Note: this is not designed to be realistic, but rather to show roughly how it might be done. Also, this design is vulnerable to noise in the form of variance in the FM signal amplitude, so some stage before this circuit should fix the amplitude to something constant regardless of what comes through the antenna.
The blue signal is the FM. It varies between 99MHz and 101MHz with a period of 1MHz. The green signal is the blue signal mixed with a 90MHz source to produce a combined signal of 110MHz, 90MHz (leaked through the parasitic capacitance of the MOSFET), 10MHz, and a small amount of distortion. The orange signal is the green signal filtered to contain only the 10MHz component. The frequency of this component is the difference between the FM frequency and 90MHz, so it varies in frequency along with the FM signal. As such, it varies between 9MHz and 11MHz with a period of 1MHz. This process of decreasing the signal frequency with the use of another high-frequency source close in frequency to the wanted signal is called heterodyning, and the use of this process makes this FM receiver a superheterodyne FM receiver. Additionally, since I filtered the mixed signal with a low-pass filter, it’s stronger when at 9MHz and weaker when at 11MHz. As such, in addition to being an FM signal, the low-pass filter has added an AM component. Not all superheterodyne receivers use a low-pass filter in this way, but mine does and it seems to work in EC, and other demodulation methods such as use of a PLL (phase locked loop) may not be as easy to implement in EC.
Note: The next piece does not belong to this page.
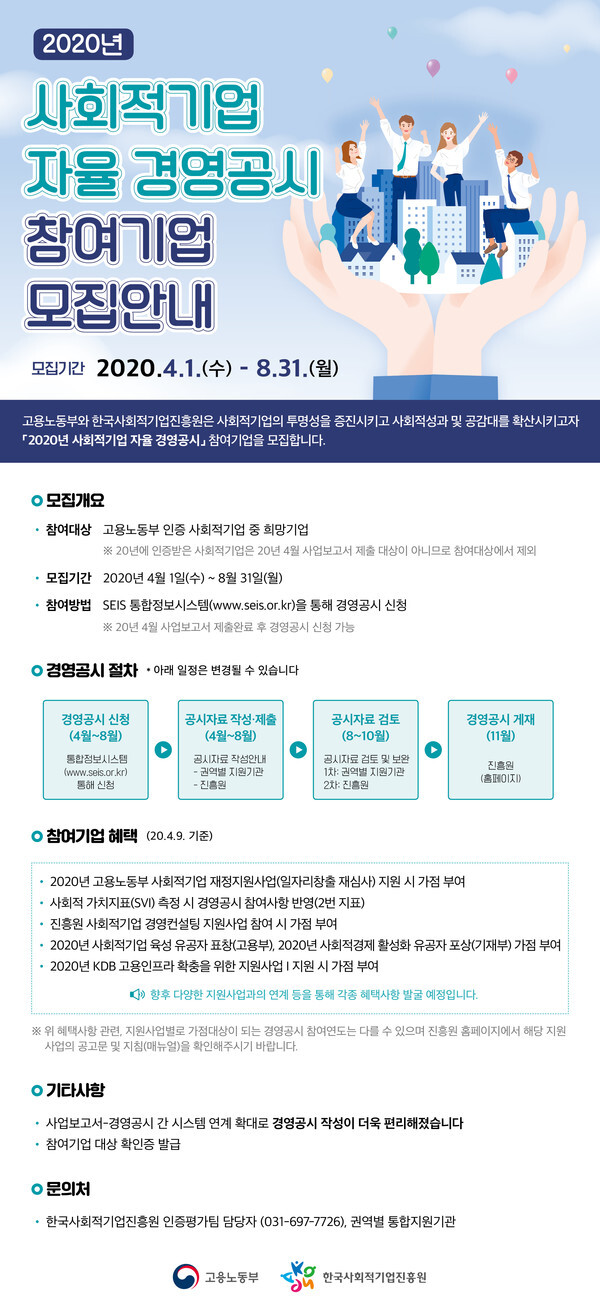 사진: '2020년 사회적기업 자율 경영공시' 포스터 [제공 = 한국사회적기업진흥원]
Ok, so far the FM signal has been converted to a lower frequency and the FM modulation converted to AM modulation (although the FM component hasn’t been removed). The result of this is in the orange signal. Everything past the orange wire is an AM demodulator. The two diodes cut off the lower half of the signal so that the variance in amplitude turns to variance in average voltage, or in other words turns the 1MHz AM modulation into an actual 1MHz component. A low-pass filter then removes the 10MHz AC component leaving just the 1MHz component. As such, the 1MHz signal that the 100MHz signal was modulated with has been recovered. The result of this is the red signal. If this 1MHz signal was instead an audio signal or some such, it would be recovered just the same. Perhaps slightly distorted, but still pretty good.